The former German champion sire and once the most expensive stallion in Europe outside Ireland, the deceased Monsun, came into the centre of attention thanks to Almandin’s triumph in this year’s Melbourne Cup. The sire of three of four last winners of the Melbourne Cup scored over the weekend in a rather unusual role for him – as a damsire of two-year old horses.
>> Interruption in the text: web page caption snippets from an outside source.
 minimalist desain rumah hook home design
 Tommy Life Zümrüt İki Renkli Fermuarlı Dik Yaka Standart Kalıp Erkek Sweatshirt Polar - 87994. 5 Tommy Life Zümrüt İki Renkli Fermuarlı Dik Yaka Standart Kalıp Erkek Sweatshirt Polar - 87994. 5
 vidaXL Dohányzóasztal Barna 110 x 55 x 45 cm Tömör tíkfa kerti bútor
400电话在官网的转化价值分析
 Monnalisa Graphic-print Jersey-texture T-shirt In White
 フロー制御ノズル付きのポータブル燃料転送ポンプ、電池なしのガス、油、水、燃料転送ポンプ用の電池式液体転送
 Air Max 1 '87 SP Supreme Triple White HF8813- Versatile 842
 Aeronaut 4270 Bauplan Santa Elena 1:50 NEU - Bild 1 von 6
Monsun is a stallion who needs no lengthy introduction. Sire of 112 black-type winners (15% of foals of racing age) came into prominence mainly as the source of stamina, the best proof of which are not just three Melbourne Cup winners (besides Almandin Fiorente and Protectionist) but also the Gold Cup winner Estimate, three Deutsches Derby winners (Samum, Shirocco a Schiaparelli), the King George winner Novellist, the Grosser Preis von Baden winner Getaway and others. Although some of his progeny, such as the winner of the mile Prix du Moulin de Longchamp (Gr.1) Maxios or the Prix Jacques le Marois (Gr.1) winner Manduro were able to win over shorter distances, Monsun went down to history as the source of staying power.
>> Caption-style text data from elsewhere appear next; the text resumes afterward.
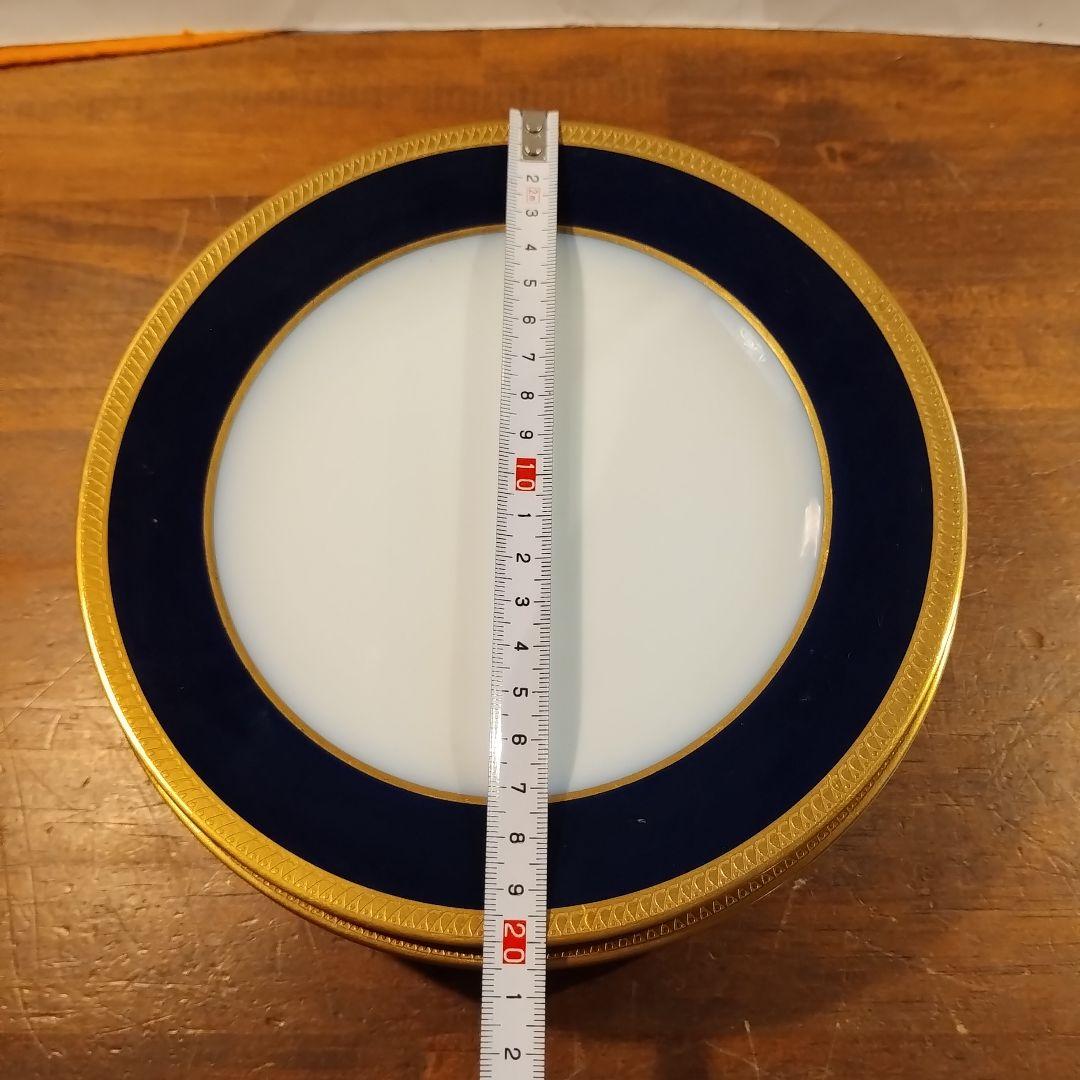 大倉陶園　瑠璃　エンボス 皿　プレート　約20cm 6枚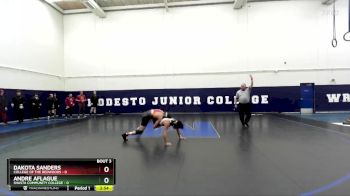 125 lbs Round 3 (3 Team) - Dakota Sanders, College Of The Redwoods vs Andre Aflague, Shasta Community College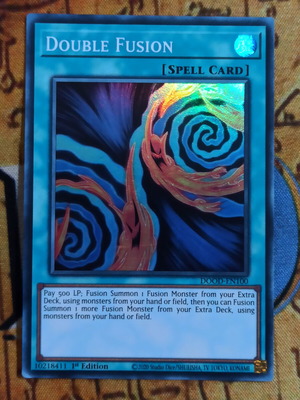 Double Fusion κάρτα Yu-Gi-Oh! σαν καινούργιο, Normal Spell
He performs a similar role as a damsire, but this weekend brought a number of results that are quite different than we were used to in his case. His granddaughters Really Special and Kazimiera, both bred by Darley, managed to take first two positions in the listed Montrose Fillies’ Stakes. This was not the first time that progeny of Monsun’s daughters took first two positions in a black-type race. Last year, for instance, Guiliani and Ajalo took first two positions in the Grosser Dallmayr-Preis Bayerisches Zuchtrennen (Gr.1) and three years ago Lucky Speed and Tres Blue took two first positions in the Deutsches Derby, but this was the first case of one-two finish outside Germany and for the first time ever in a race for two-year-olds.
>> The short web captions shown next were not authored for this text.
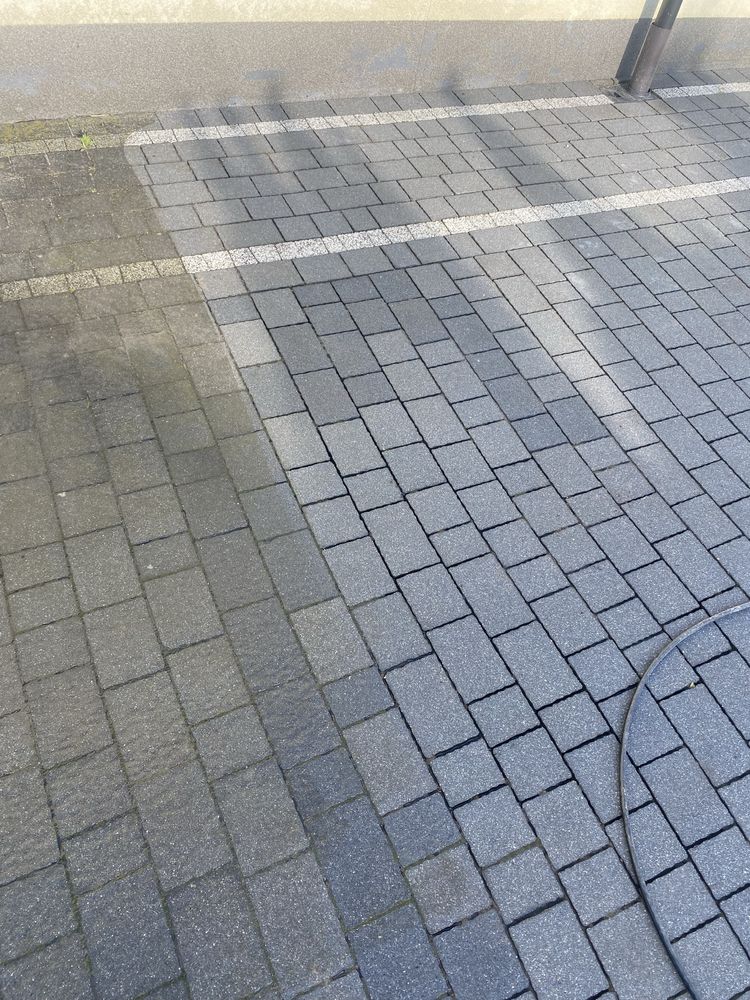 Mycie kostki brukowej elewacji itp…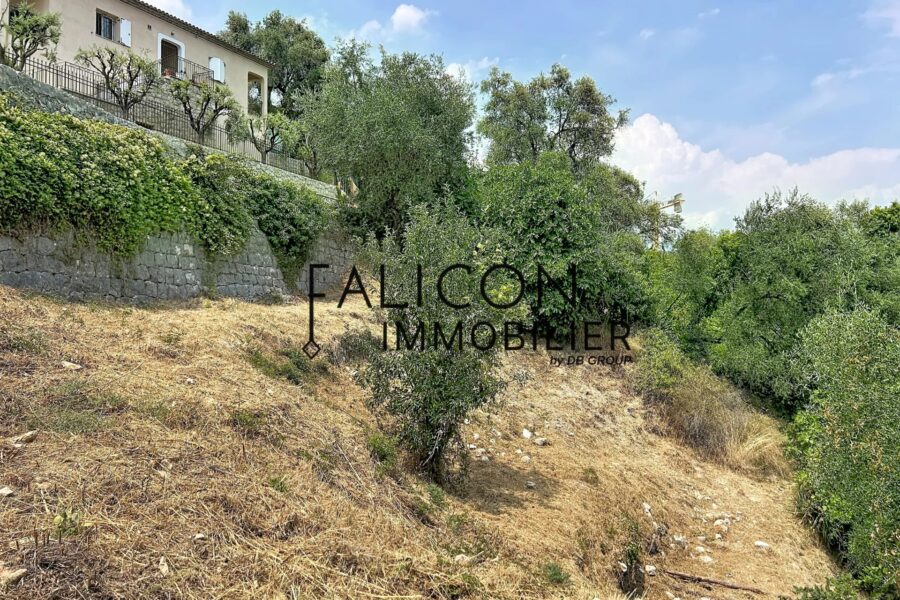 Terrain à vendre à Falicon — Vue montagne — photo 3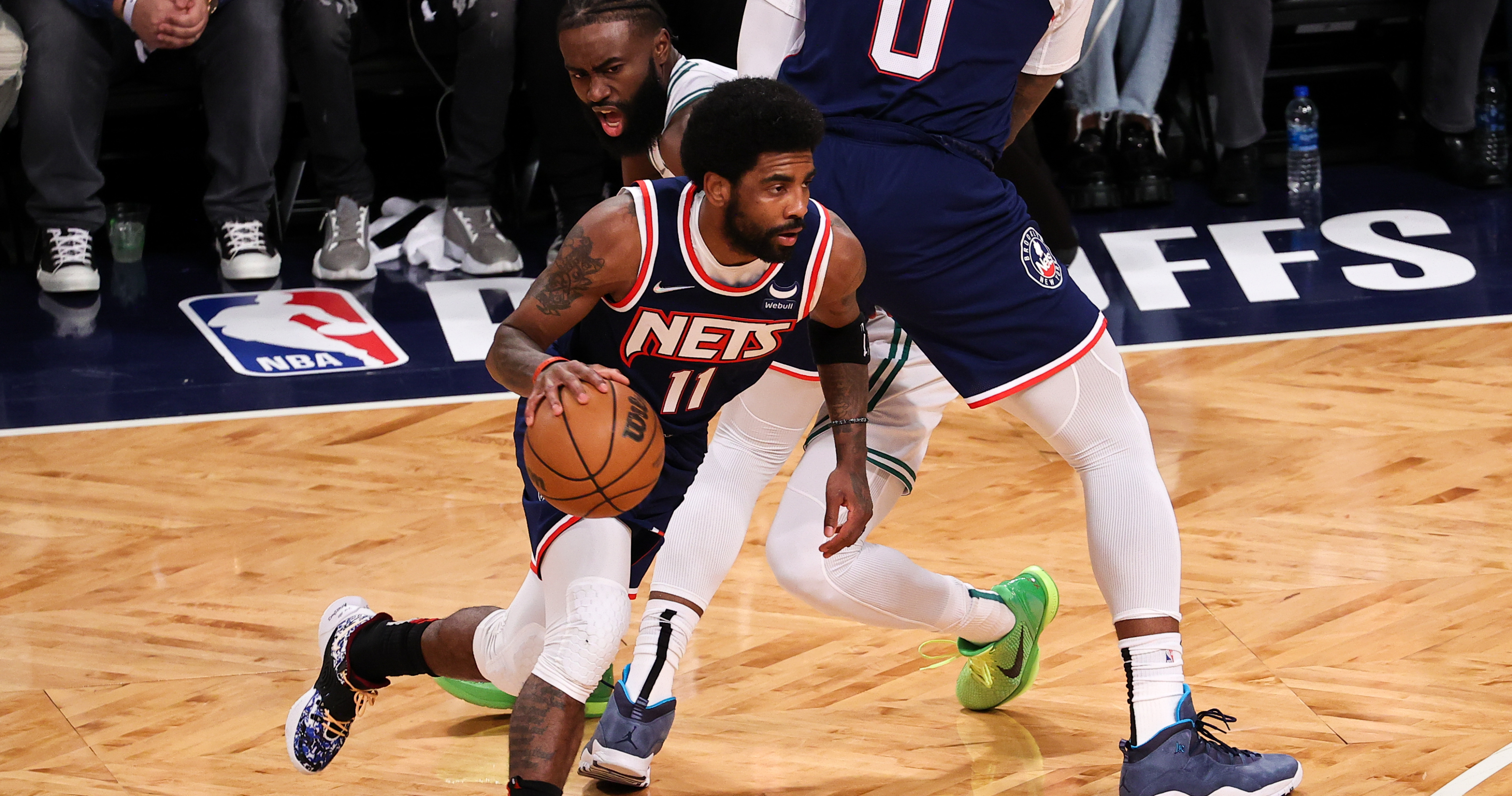 N.J.'s Kyrie Irving coping with back tightness but thriving after position  change as Nets face huge games vs. Lakers, Clippers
Another milestone in the career of Monsun’s daughters came a day later when the Criterium de Saint-Cloud (Gr.1) was won by the chestnut Waldgeist, the son of the Prix Penelope (Gr.3) winner Waldlerche, half-sister of the winner of the English St. Leger Masked Marvel. It was for the first time when a horse out of Monsun’s daughter won a Gr.1 race at two.
Monsun’s daughters have produced so far fifty black-type winners. Waldgeist rounded the number of Gr.1 winners to ten on Sunday, but a day later Guignol started the next ten by winning the Grosser Preis von Bayern. Monsun’s exceptional influence on the peak of the German season the Deutsches Derby, represented by three winners and three runners-up, is confirmed by his role of a damsire. His daughters already produced three winners (Pastorius, Lucky Speed and Sea The Moon) and two who placed second in the biggest German classic race. Same as Monsun’s progeny, the products of his daughters are most successful over longer distances – the average winning distance of his grandsons and granddaughters is 10.4 furlongs. Most of them were successful at three or later, but six of them won a black-type race at two, half of them (besides Waldgeist also brothers Pastorius and Parthenius) were successful in group races.
The results of Monsun’s daughters and their distance preferences are related to the fact that German breeders are not afraid to cover Monsun’s daughters by stayers. Most opportunities with them was given to Tiger Hill, the two-time winner of the Grosser Preis von Baden over 2,400 metres. With him they produced 32 foals of racing age, six of which, including the Gr.1 winner Sortilege, won a stakes race. Less successful was the combination with much shorter Dashing Blade, which has produced a single black-type winner of fifteen foals of racing age. It needs to be said though, the the single black-type winner was none other than Sirius, the winner of the Grosser Preis von Berlin (Gr.1).
The line of Sadler’s Wells’ son In The Wings has been recently much popular and used in Germany. The sons of this stallion perform excellently with Monsun’s daughters. Adlerflug has produced just fifteen foals of racing age, but four won a black-type race; Soldier Hollow performs well too, having produced three black-type winners of fifteen foals of racing age. Monsun’s daughters did not fare badly with another Sadler’s Wells’ son Sholokhov who – before moving to Glenview Stud, Ireland, as a NH sire – produced in Germany twenty-two horses with Monsun’s daughters and three of them won a black-type race.
We will find Monsun’s daughters, however, also outside Germany and there they are partnered to stallions with shorter distance optimum than at home. They perform well, among others, with the miler Rock of Gibraltar, with whom they have already produced three black-type winners of thirteen foals of racing age. The two Darley-bred fillies mentioned above who dominated the Montrose Fillies’ Stakes, show another ways to use Monsun’s daughters. The winner is by Shamardal and she is his third stakes winner of nineteen products out of Monsun’s daughters, the second is by Dubawi, who has produced – besides her – two black type winners of just eight products with Monsun’s daughters.
Four years after the stallion’s death his progeny still excels on racecourses. The sire of the once dominant Blandford's dynasty has not produced an equal successor (this may be changed by Maxios or Novellist), nevertheless he has left a permanent trace.